The caching framework was backported from FLOW3 for the forthcoming 4.3 release. The first commited version had some issues with memcached, so I decided to wait for a full working version.
Dmitry fixed the issues some days ago and posted a small howto in his blog on using memcache as a caching backend for TYPO3 pagecache.
Today, I tried to see how it works. The setup for TYPO3 was really easy and it worked without any problems. Installing memcached and php module on Debian was a nobrainer, so no time was wasted.
But my first tests were a bit disappointing. First, I used memcached on a lightweight virtualbox and the gain of using memcached instead of DB tables for cache_* "tables" was zeeeeero:
ab -c 100 -n 5000 http ://virtual.box.test/
The tests revealed ridiculous 8 req/s (mean) both using DB tables and memcached for caching. I realized, that the CPU could have been the bottleneck, because it immediately went to 100%. My conclusion was that the virtual box was too lame to get significant results. So I decided to switch to a real machine.
I decided to use an AMD BE-2350 machine for further tests.

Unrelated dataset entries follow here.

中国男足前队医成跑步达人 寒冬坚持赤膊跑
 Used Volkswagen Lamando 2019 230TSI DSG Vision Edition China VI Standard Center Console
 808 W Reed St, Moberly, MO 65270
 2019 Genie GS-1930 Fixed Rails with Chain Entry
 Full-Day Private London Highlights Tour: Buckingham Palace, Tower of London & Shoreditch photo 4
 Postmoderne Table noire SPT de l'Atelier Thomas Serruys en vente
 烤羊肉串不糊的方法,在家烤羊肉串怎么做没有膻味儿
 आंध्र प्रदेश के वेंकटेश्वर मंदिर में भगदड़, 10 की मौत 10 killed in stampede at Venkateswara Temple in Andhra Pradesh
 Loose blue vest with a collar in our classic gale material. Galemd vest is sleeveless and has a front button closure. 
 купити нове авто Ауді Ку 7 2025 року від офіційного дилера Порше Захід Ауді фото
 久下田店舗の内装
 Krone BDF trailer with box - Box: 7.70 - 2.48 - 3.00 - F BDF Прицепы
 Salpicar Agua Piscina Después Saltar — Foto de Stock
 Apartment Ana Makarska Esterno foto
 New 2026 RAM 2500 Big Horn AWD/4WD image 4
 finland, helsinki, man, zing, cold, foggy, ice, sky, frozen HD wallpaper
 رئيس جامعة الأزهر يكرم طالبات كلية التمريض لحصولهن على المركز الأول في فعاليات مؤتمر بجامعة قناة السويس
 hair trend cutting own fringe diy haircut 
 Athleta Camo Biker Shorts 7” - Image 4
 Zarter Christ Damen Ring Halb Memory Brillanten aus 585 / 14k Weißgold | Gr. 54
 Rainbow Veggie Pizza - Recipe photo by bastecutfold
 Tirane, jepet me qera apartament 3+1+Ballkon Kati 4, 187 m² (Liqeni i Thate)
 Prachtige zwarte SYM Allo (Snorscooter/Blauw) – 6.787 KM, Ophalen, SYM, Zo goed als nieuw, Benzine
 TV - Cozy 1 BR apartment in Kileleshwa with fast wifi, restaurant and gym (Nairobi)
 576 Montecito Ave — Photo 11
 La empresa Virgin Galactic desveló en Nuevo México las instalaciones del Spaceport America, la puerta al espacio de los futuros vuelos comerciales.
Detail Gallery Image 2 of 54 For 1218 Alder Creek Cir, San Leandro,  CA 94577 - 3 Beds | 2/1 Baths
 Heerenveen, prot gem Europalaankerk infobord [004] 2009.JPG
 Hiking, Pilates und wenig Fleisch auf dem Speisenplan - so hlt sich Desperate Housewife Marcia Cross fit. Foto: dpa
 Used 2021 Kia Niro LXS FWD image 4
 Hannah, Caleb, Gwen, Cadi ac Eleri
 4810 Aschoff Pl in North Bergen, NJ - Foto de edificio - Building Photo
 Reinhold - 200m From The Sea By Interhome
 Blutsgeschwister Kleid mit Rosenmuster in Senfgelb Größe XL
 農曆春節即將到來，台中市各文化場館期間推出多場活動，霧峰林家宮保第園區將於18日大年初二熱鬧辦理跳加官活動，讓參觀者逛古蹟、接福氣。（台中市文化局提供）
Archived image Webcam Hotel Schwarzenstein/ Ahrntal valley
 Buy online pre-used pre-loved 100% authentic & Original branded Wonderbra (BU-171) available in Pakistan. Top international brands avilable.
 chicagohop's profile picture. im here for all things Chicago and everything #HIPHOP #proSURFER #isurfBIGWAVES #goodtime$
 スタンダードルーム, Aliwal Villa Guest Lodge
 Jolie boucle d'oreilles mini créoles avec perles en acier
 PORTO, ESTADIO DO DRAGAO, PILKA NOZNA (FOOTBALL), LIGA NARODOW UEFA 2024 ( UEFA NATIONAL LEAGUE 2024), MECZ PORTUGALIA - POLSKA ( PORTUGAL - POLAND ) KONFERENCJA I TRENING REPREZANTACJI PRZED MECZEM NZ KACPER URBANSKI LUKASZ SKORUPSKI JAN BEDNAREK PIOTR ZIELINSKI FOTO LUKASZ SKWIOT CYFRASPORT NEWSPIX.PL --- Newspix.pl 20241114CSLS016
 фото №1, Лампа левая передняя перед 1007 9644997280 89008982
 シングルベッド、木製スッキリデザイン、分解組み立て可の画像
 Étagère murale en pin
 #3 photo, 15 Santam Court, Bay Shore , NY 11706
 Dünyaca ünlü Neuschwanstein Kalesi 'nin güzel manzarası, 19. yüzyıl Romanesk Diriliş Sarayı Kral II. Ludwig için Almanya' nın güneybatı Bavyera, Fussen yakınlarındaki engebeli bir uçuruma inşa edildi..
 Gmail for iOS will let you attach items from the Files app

ab -c 100 -n 5000 http ://physical.box.test/
The same basic tests with ApacheBench resulted in overall better performance and a slightly difference between memcached (170 req/s) and classic caching (135 req/s). But still not the boost I had expected. Once again looking at the CPU load, it was 100%. Most load was caused by fcgid and mysql, but I couldn't do any further tests because midnight cronjobs started and I did'nt want to stop them.
The next step will be to replay the tests on a machine using mod_php instead of fcgid. But I'm also looking forward for some more reports from the community to crosscheck my own results.
Anyway, the backport of the caching framework is very good work. It spends hope to have a smooth migration path to FLOW3 and TYPO3 v.5. So a big thank you goes out to core devs for their efforts.